The morning after, to my surprise, Emily’s friends had already posted chuppah photos on Facebook. I saw the Times wedding announcement. There was no denying it: I had a married daughter.
Michael and family members arrived later at our house for a brunch. When I saw my daughter in her new shiny sheitel, I just about lost it. Who was this young woman? I tried to be a gracious host, to act normal, until it was time for Emily and Michael to head to New York for their first sheva brachos and then move into their Brooklyn apartment. I fought back the tears, until their car pulled out of the driveway.
My sister hugged me. “It’ll be OK.”
But it wasn’t. The emotions I had put on hold arrived special delivery at 3:00 in the morning. I lay awake trying to get to the root of my anxiety. Did I really think she was too young for marriage? Was I worried that her dreams would be squelched? Did I think Michael was too frum?
Unable to fall back asleep, I got up and walked down the hallway to Emily’s room. I sat on her bed, the one her father had built for her, which I knew she’d probably never sleep in again. I looked at the plaques, awards, news clippings, fan letters, and bat mitzvah mementos decorating the walls. Emily’s beloved Jewish books filled one shelf, her childhood favorites on another. A pile of magazine samples sat on her desk. How long would I keep Emily’s room the same?

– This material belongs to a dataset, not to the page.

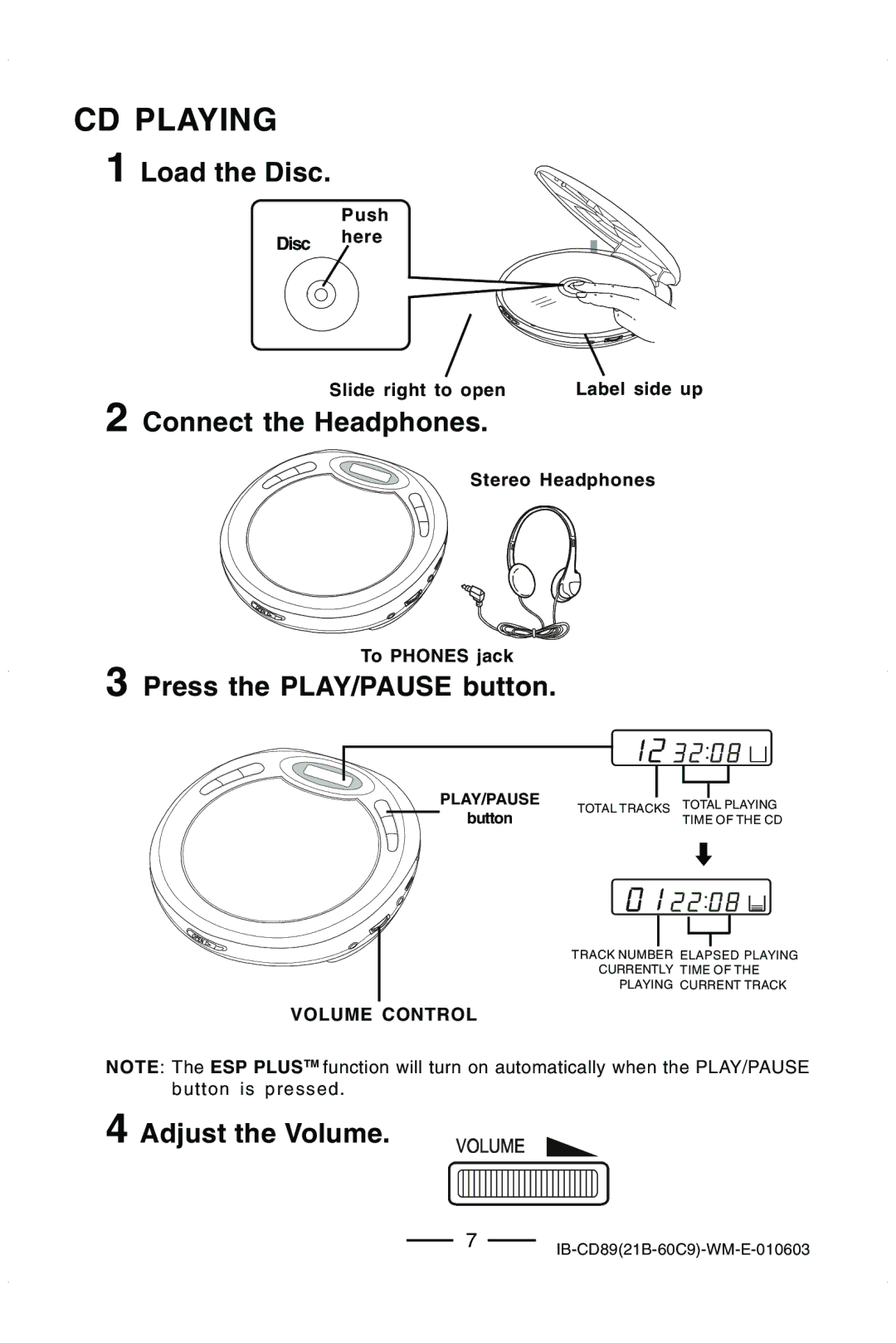 Lenoxx Electronics CD-89 CD Playing, Load the Disc, Connect the Headphones, Press the PLAY/PAUSE button, Adjust the Volume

Then I noticed a laundry basket filled with her clothes. Were those to be donated, folded, or was I supposed to wash them? I laughed. Some things never change.
As I sat in the stillness of her room, I realized that change was what I had been fighting all along. Change, the root of our fears. Until I learned to ride that wave, I’d be stuck on shore, pining for something out of reach.
That summer, during my wedding recovery phase, I met up with an old friend at Starbucks. When she asked me how I was doing, I told the truth: “I know I should be happy, and yet … I’m just not. I’m sad. Emily won’t be home at all this summer. I’ll miss our girl time, our family trips, the three kids staying up yakking half the night. Now when she visits, it will be with … him. They’ll probably stay in the guest room!”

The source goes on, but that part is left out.